To do this, you need to filter the pivot table by category = Jelly. This can be accomplished by the Report Filters function of the old Excel or the more exciting slicers feature of the new Excel (slicers are supported in Excel 2010 and newer).
To create a slicer on the product category, locate the products table in the PivotTable Fields area, right-click the Category field, and choose Add as Slicer (refer to Figure 21-15).
Figure 21-15. Adding a slicer on product category field using PivotTable Fields screen
Once you have a slicer, just click Jelly to show the pivot report for only the Jelly category. Figure 21-16 shows the results of this.
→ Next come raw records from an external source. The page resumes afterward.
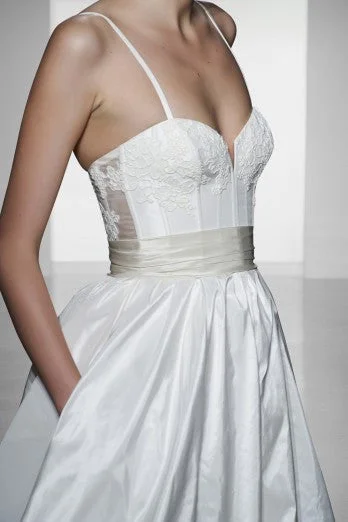 Wedding Dresses with Sequined Star Motifs and Sheer Sleeve and Ruffled Hem and Belt for a Celestial and Elegant LookAmsale Cameron Wedding Dresses with Sequined Star Motifs and Sheer Sleeve and Ruffled Hem and Belt for a Celestial and Elegant LookAmsale Cameron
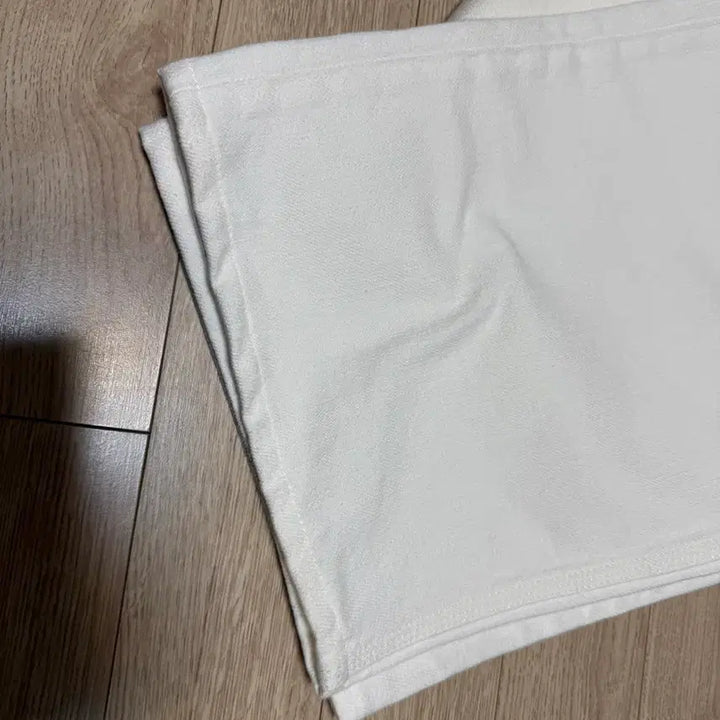 [SOLD OUT] 노운 벨티드 데님 (white)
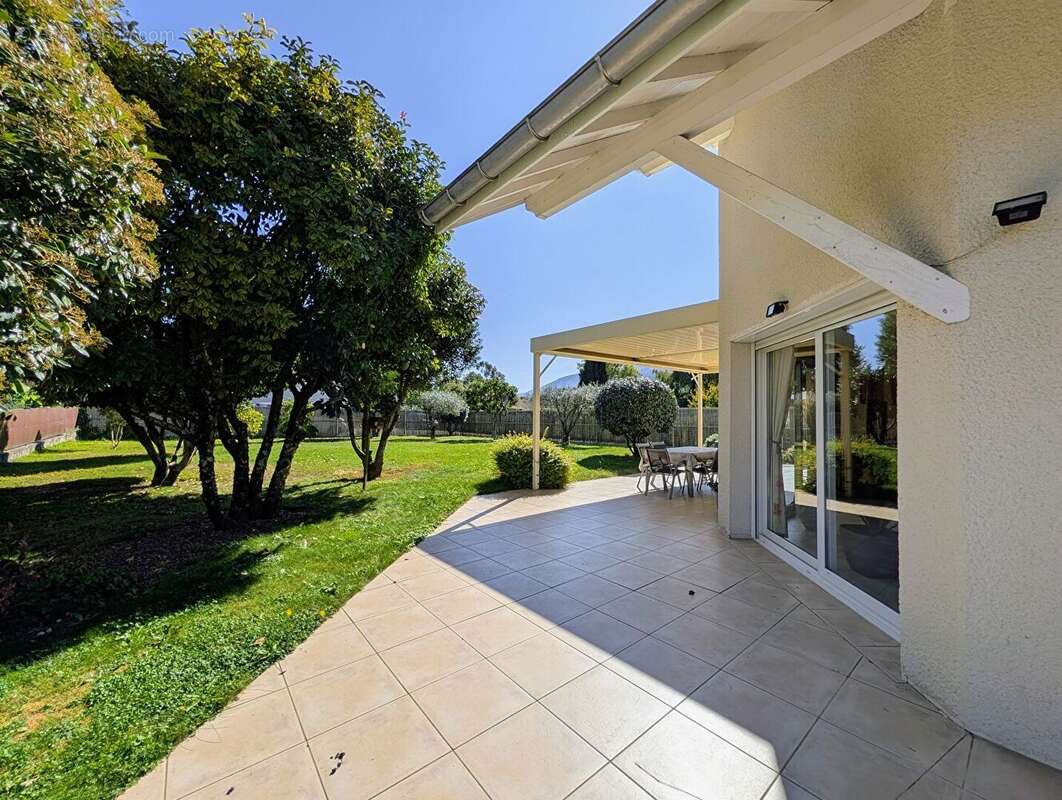 Maison à BRISON-SAINT-INNOCENT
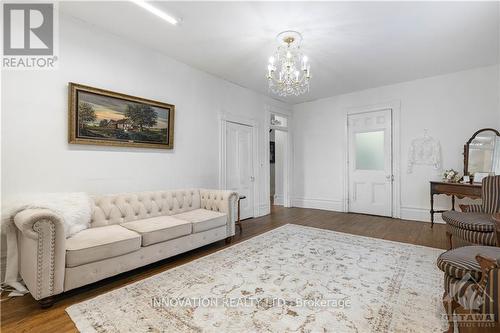 10 Lake Avenue, Carleton Place, ON - Indoor Photo Showing Living Room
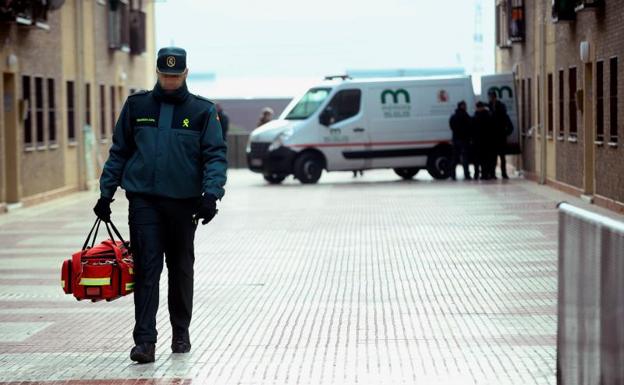 Servicios funerarios frente al domicilio donde se cometió el asesinato.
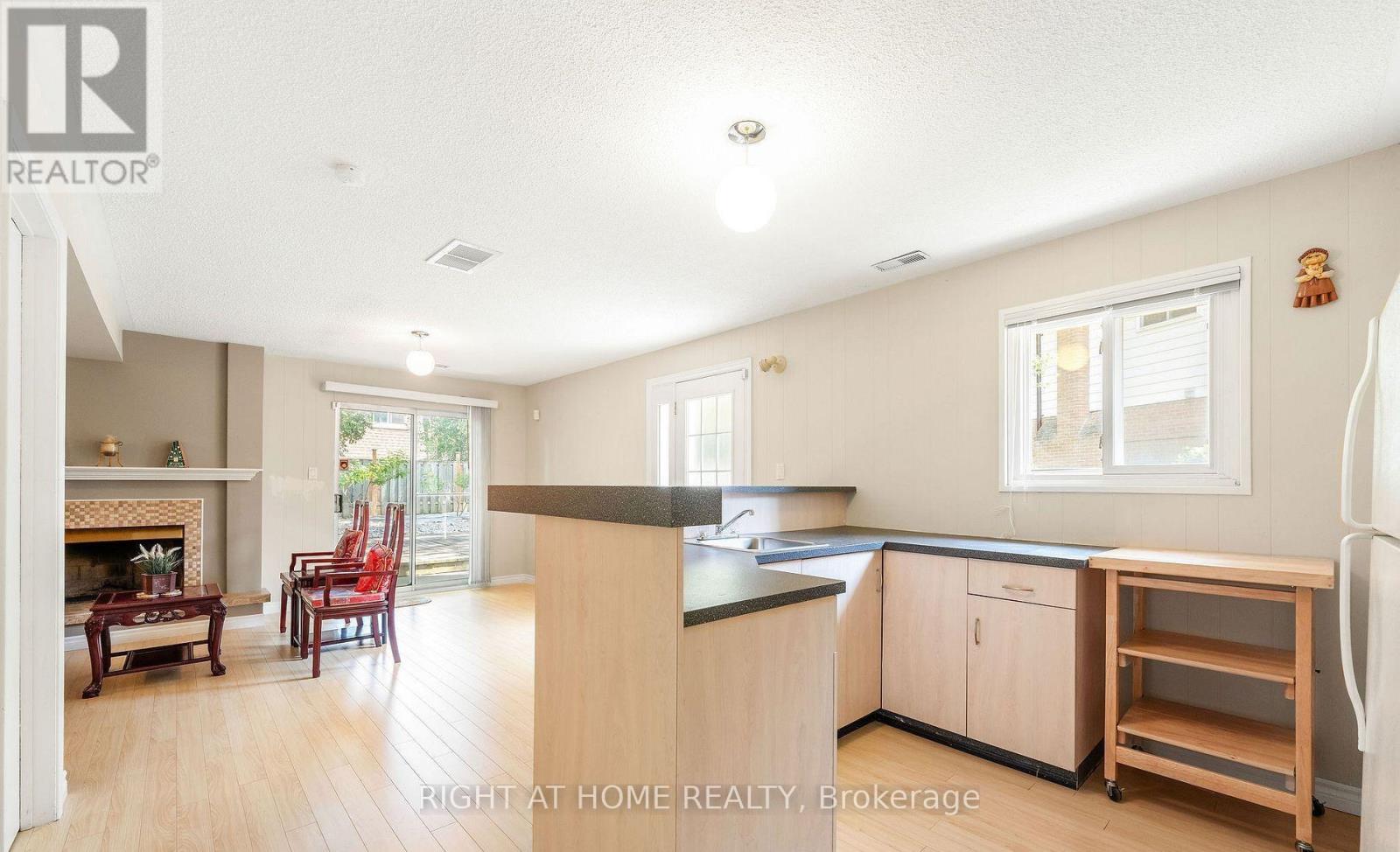 Main Floor Garden Level - 25 Silas Hill Drive, Toronto, Ontario  M2J 2X8 - Photo 5 - C12777774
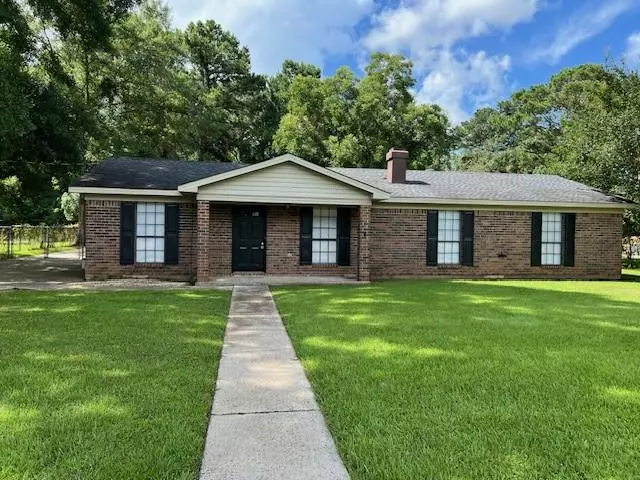 6751 Browder DR, Theodore, AL 36582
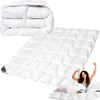 A collage showing a folded duvet and an unfolded duvet with a person sitting up in bed. Produktbild-Vorschau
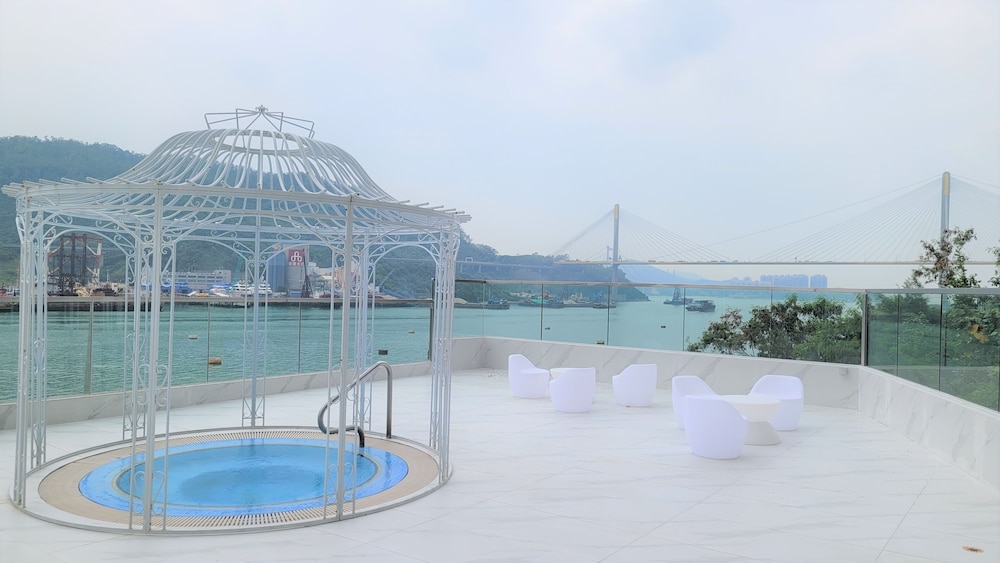 Grand Bay View Hotel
Figure 21-16. Quantity breakdown by gender and profession for the Jelly category of products
Note For more information about how to create, use, and customize slicers, refer to http://chandoo.org/wp/2015/06/24/introduction-to-slicers/.
One More Report, Using Timelines
Figure 21-17 shows another example report employing timelines. In it you can provide a quantity breakdown by gender, region, and product category for December 4 to 12, 2014.
Figure 21-17. Timelines and pivot reports with multiple tables
To insert a timeline, right-click the Time field in the sales table and choose Add as Timeline.
The relationships feature works seamlessly with multiple slicers, timelines, and pivot table report filters. Try them and see how easily you can answer even the most complex reporting questions. Please refer to Chapter 22 for an example dashboard constructed using multiple slicers.
As you might have guessed, relationships are at the heart of data models. They’re the connections that allow you to bring datasets together. Like all relationships, there are certain rules to follow.
Let’s understand them:
The Last Word
The relationship capability in Excel 2013 opens doors for many possibilities. There are many things you can do with a workbook-level data model. You can create really powerful reports and dashboards using relationships, slicers, pivot tables, and charts. In the next chapter, you will examine an interactive dashboard built using these features.
In the future versions of Excel, Microsoft is likely to build more powerful features into the data model and relationships area. We will just have to wait and see.